My specific taste has, for some reason, been French. Most prominent in the litany of Hong Kongers and Hungarians, Greeks and Greenlanders, was a year long relationship that I had with a French woman. I lived in France, worked in France, spoke French, fluently (still do) and very much saw my French identity as a blank canvas on which the country would paint my experiences of it.
I even joked recently about “what am I going to do for girlfriends post Brexit?”
My most recent fancy is from Italy. I will say nothing of her other than she voted for a party in the recent Italian elections that supports Italy leaving the Eurozone and the European Union. I didn’t vote in the referendum. I find it deeply disturbing how many people are genuinely troubled at the prospect of us leaving the European Union. For those people I have a solution that I would like to offer.
Myself and mi amore were in the pub. I went to the toilet and when I came back, a blonde, young girl, in her early twenties had taken my place where I was stood next to my girlfriend at the bar. I cracked the joke that my girlfriend voted for Quittaly/Italeave. This was in a university pub, and the girl had recently graduated with a STEM degree, with a huge international component to it so there are no prizes for guessing what her opinion was.

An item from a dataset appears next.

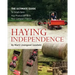 Haying Independence: The Ultimate Guide to Small-Farm Hay Production with Your Compact Tractor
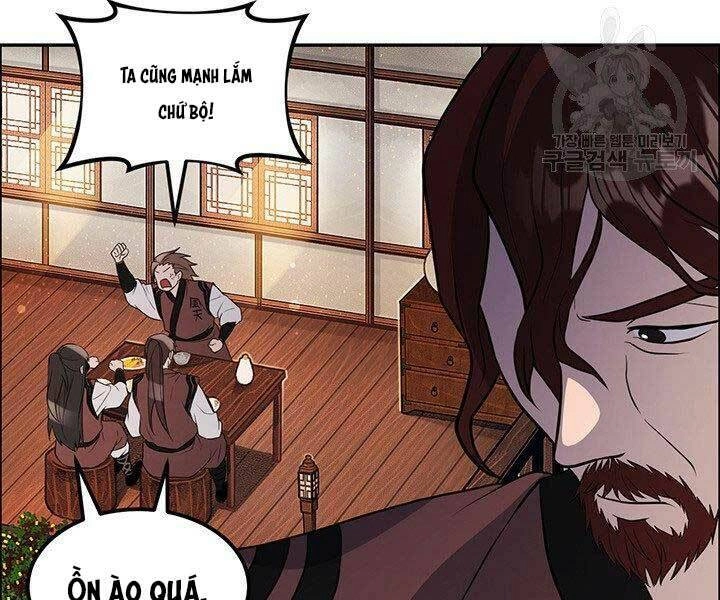 Thiên Hạ Đệ Nhất Phiêu Sĩ Chapter 13 - 9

I didn’t share my opinion with her, not that I have one. I did share one reflection with her that I would like to share with you. Brexit was, above everything else, about sovereignty, about “taking back control”. I think there are several different types of sovereignty. There is national sovereignty which we expressed our in opinion of in the referendum. There is bodily sovereignty which we all exercise when making choices related to what we do with our body. There is personal sovereignty which is basically the control that we have over our own lives and it is this one that I would point your attention to if you want to overcome Brexit.
If you feel that because of Brexit we would be losing the connection that we have with our European neighbours, exercise some personal sovereignty and build a connection that you have with our European neighbours. Learn another language. If you speak French you will meet more French people. If you speak Italian, like myself, you’ll meet more Italian people. Dutch, German, Catalan, whatever, learn another European language. We may be leaving the European Union but the little part of your brain that can speak Portuguese, well, no one can take that away from you. Nor can they take away from you the memories of the fascinating people you’ve met and been able to communicate with as a result of fostering and nurturing that part of your brain.
This would lead me on to my second suggestion. Cultivate friendships with people from other European countries. There’s no better way to maintain our connection to these other countries and cultures than to build and maintain a personal connection, just as I have done over the years.
The final thing I would suggest is that with your language skills and new friends is that you gorge on European Culture, food, traditions, customs. Develop that part of yourself. Build that connection personally.
If you take it upon yourself to do this then you will have that connection. It will be yours and you will have that whatever direction that we as a nation wish to take in years to come.